Overview
Every third Monday of the month, two bold, brassy sisters open the doors of their Long Island hair salon to women diagnosed with cancer. As locks of hair fall to the floor, women gossip, giggle, weep, face their fears, and discover unexpected beauty.
Reviews
Once a month, a group of women who are suffering from cancer descend upon an hair salon on Long Island to chew the fat. They are lively bunch who would talk the hind legs off a donkey, but they are also suffering from the effects of not just the disease but of their treatment too. The two feisty and vivacious hosts (Cynthia and Rachel) are excellent facilitators for many, including Cambria and Linda whom we begin to focus more upon as they both have to deal with their predicament as best they can whilst having their hair cut (for free) by a pair whose lives have already been impacted upon by the big 'C'. We do follow them out of the shop now and again, and it's those scenes that bring the more humorous ones more into perspective.

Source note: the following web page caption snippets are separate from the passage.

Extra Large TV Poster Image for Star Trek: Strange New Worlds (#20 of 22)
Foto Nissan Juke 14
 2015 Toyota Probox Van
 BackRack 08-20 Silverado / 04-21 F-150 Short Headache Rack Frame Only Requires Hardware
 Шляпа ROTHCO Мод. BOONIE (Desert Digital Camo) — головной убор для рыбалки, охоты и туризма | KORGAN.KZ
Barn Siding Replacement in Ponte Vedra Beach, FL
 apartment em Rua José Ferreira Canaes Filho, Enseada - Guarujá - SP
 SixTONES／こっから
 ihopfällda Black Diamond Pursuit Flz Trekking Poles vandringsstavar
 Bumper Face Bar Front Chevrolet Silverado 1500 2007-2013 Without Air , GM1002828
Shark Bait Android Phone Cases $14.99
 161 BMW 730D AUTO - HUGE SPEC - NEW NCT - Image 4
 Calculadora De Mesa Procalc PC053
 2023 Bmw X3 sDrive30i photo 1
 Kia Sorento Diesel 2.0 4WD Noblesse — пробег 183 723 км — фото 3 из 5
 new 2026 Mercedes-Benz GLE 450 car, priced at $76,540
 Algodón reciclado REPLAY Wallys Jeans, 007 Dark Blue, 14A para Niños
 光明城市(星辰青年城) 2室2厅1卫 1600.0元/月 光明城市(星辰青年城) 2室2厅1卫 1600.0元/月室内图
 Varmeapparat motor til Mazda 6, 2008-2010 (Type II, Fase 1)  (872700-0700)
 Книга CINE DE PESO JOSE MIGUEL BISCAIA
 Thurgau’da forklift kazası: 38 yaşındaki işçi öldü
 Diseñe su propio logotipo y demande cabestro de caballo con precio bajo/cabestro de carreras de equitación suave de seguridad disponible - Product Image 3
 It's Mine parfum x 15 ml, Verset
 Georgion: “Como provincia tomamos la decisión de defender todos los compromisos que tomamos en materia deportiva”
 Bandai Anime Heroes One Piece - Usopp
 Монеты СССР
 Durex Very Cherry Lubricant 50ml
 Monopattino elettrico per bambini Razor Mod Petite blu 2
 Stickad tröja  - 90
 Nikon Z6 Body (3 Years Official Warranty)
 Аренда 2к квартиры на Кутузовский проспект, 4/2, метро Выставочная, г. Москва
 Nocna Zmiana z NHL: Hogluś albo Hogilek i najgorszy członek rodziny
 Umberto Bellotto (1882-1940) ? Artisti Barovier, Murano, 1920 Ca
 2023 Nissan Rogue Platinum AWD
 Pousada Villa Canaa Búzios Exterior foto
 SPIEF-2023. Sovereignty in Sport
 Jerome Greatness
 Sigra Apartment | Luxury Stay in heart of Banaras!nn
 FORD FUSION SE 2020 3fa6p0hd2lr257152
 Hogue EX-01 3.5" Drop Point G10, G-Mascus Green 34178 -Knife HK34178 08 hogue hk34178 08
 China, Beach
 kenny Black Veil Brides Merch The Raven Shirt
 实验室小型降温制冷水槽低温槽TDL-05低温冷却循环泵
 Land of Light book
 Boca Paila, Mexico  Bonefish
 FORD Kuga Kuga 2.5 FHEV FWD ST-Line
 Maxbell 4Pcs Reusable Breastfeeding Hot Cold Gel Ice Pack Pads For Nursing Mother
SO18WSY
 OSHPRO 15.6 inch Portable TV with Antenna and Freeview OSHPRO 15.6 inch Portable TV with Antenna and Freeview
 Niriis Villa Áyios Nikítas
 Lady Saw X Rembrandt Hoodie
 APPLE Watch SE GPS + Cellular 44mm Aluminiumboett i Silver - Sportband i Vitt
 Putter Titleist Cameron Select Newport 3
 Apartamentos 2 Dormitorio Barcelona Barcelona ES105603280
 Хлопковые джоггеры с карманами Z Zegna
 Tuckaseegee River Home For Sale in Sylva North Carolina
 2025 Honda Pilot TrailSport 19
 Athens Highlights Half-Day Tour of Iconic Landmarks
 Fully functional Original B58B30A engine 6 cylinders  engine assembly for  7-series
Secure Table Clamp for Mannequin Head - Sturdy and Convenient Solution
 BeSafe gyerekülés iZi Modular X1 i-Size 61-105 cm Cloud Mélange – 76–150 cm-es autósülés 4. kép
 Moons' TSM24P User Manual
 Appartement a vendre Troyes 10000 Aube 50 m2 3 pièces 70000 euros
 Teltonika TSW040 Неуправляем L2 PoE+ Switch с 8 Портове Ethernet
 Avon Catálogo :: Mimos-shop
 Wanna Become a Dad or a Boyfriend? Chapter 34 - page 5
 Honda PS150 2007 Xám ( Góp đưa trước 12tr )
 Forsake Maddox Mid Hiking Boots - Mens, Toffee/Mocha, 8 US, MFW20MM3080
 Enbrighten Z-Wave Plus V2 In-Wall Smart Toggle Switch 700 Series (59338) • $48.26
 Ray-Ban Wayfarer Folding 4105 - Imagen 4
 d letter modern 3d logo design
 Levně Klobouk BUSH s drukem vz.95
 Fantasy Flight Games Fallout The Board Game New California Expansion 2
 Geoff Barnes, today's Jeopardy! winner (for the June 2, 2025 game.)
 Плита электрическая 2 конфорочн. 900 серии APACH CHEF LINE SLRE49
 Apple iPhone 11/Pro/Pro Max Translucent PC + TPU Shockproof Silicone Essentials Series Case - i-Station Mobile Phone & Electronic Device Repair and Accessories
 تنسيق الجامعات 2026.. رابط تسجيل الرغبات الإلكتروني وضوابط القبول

Linda, especially, is having to reconcile a prognosis she received almost two decades ago with the therapy she is being offered and her own faith that tells her that God will pick the time, and that she ought not to be interfering with his plans - and that isn't a perspective neccessarily shared by her husband. Cambria is a younger lady who worries that the mastectomy that is looming for her might impact on the family plans she shares with her own spouse. These women form quite a strong and affectionate bond over their visits and by it's conclusion, this film reminds us all that medication needn't just come from a bottle and that the therapeutic value of human interaction, a dry sense of humour and a remarkably stoic sense of perception and appreciation of what life yet might have to offer can prove a valuable positive. It's touching, informative, and somewhat counterintuitively quite enjoyable, too.